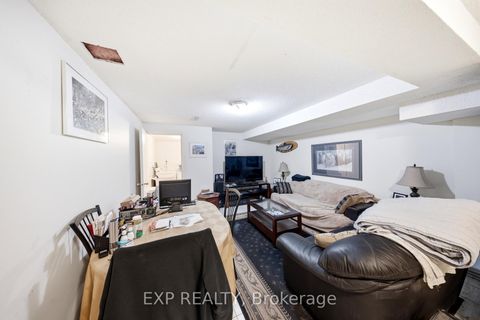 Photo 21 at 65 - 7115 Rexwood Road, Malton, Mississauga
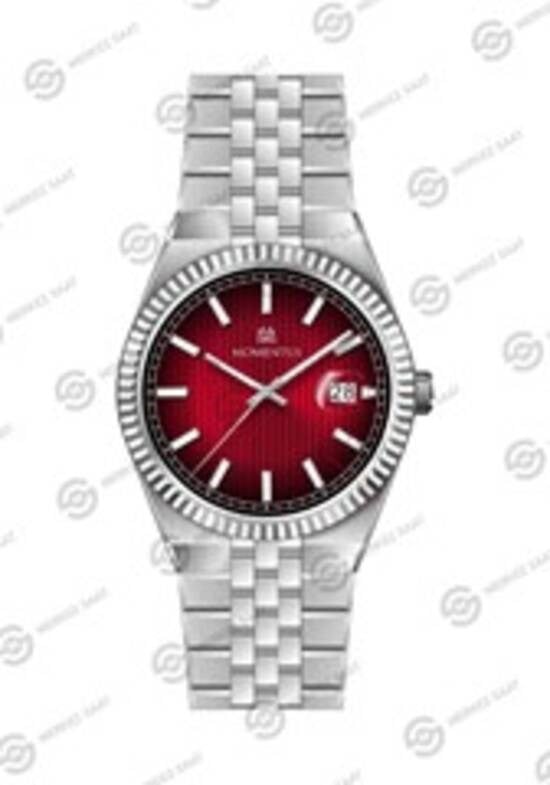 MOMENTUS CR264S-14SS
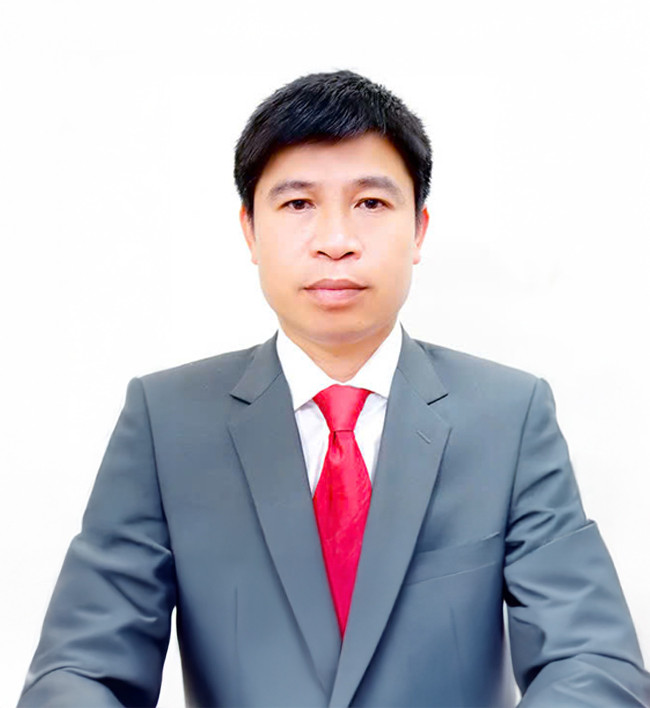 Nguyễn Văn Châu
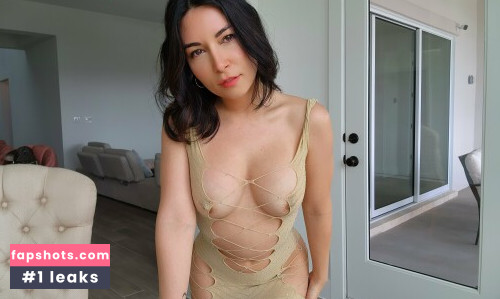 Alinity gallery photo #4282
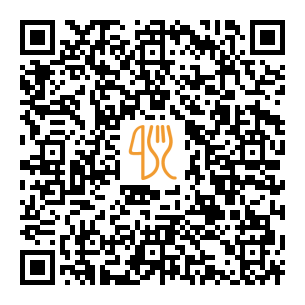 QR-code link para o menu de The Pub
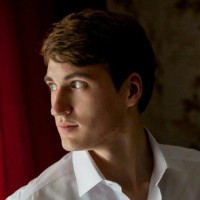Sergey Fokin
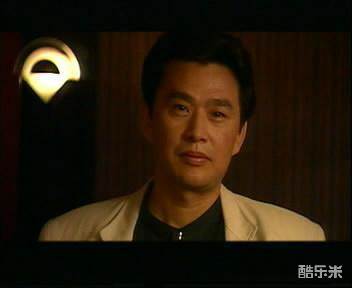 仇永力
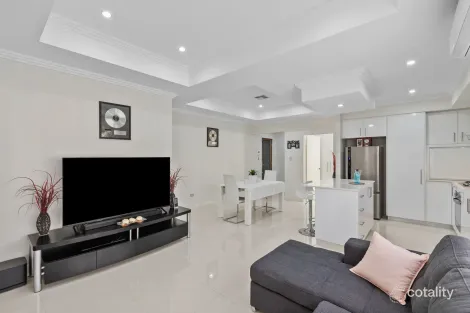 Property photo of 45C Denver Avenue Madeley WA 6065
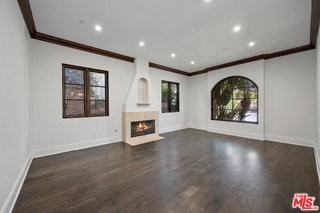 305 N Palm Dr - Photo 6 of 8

- - - - - - -

EXERCISE OBJECTIVE: An exact copy of the listing is required, excluding any pictures.

TASK RESPONSE:
 Photo 21 at 65 - 7115 Rexwood Road, Malton, Mississauga
 MOMENTUS CR264S-14SS
 Nguyễn Văn Châu
 Alinity gallery photo #4282
 QR-code link para o menu de The Pub
Sergey Fokin
 仇永力
 Property photo of 45C Denver Avenue Madeley WA 6065
 305 N Palm Dr - Photo 6 of 8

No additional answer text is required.